Türk ve dünya edebiyatında söz sahibi olmuş edebiyat adamlarını nasıl tanırdınız?

     Güzel cümle kurgusu, akıcı dilleri, geniş ve farklı kelime hazneleri, birbirinden farklı ancak etkili üslupları, kendi aralarında da olmak üzere kavgaları, aşkları ve daha çok özellikleri. Yazar ve şairleri en çok da eserlerinden tanırız. Kimi edebiyatçılar yazdıklarıyla bütünleşir kimi edebiyatçılar da yakından tanındığında hayal kırıklığına uğratır.

   Türk ve dünya edebiyatındaki bazı şair muharrirlerin az bilinen yönleri.

 

Mehmet Akif

Yüzücülükte de gayri Müslimlerin Türklerden daha iyi olduğunu görmesi üzerine, yüzücülük öğrenir.  Boğazı bir baştan bir başa yüzerek geçerek tüm dikkatleri üzerine çeker. Yine aynı okulda üzerine kimseyi almayan ve sırtında tutmayan ‘Doru’ isimli ata binmeyi başarır ve onu uysallaştırır. 

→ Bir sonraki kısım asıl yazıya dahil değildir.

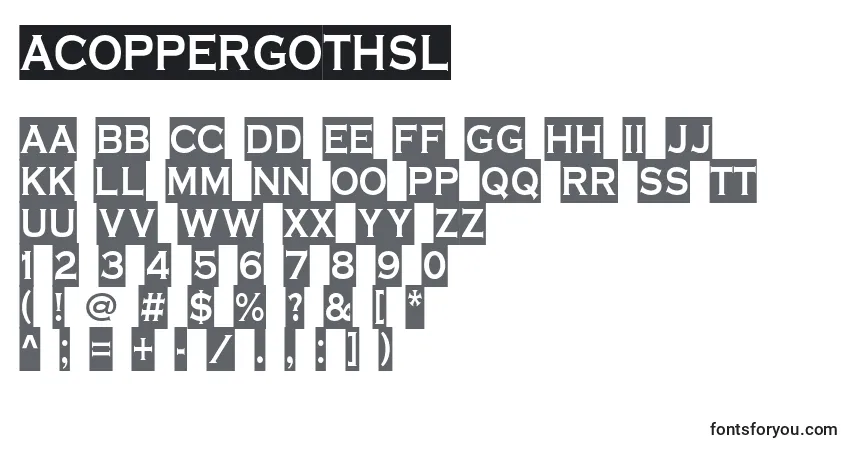 Schriftart ACoppergothsl – Alphabet, Zahlen, spezielle Symbole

      Mehmet Akif kitap okuma sevgisi nedeniyle evini değiştirmiş. Çok kitap okuyan

     Tevfik Fikret‘i sevmezdi. Şiirlerinde karşılıklı atışırlardı.

    Alkol bağımlılığı nedeniyle defalarca akıl hastanesinde tedavi gören, İçkiye düşkün olan Neyzen Tevfik arkadaşıydı.

      Mehmet Akif, bir gün ondan söz aldı, “Artık” dedi, “meyhaneye adım atmayacaksın, söz ver!”.

      “Tamam, söz” dedi Neyzen ama Mehmet Akif yemin etmesini istedi. Neyzen de;

“Vallaha meyhaneye adım atmayacağım” dedi.

Dedi ama Neyzen sözü verdiği günün ertesi günü İzmir’den bir arkadaşı geldi ve onu meyhaneye davet etti. Neyzen de Mehmet Akif’e sözü olduğu için ne yapacağını şaşırdı.

       Arkadaşına bir mekân adı vererek oraya gitmesini söyledi. Kendisi de akşama doğru bir at kiraladı ve o mekâna atıyla gitti. İçkisini atına getirtti ve o akşam atından inmeden içti.

       Arkadaşı, “İnsene o atın tepesinden, gel şurada masada karşılıklı içelim” dedikçe o, “hayır olmaz, Akif’e sözüm var, meyhaneye adım atmayacağım” diyordu…

Hüseyin Rahmi Gülpınar

Kedileri çok seven ünlü romancımızın ölürken son sözleri, “Kedilerimi iyi doyurunuz” oldu. Gülpınar temizlik hususunda çok titizdi. Bu nedenle de mikrop korkusu yüzünden eldiven giyerdi. Sokakta eldivensiz dolaşmazdı. İnsanlarla el sıkışmaktan ve öpüşmekten hoşlanmazdı. Kapısını bile entarisinin eteğiyle tutarak açardı.100 tane eldiveni vardı.

Özdemir Asaf

Şiirlerinde babasının Asaf ismini kullanır, asıl ismi Halit Özdemir Arun’dur.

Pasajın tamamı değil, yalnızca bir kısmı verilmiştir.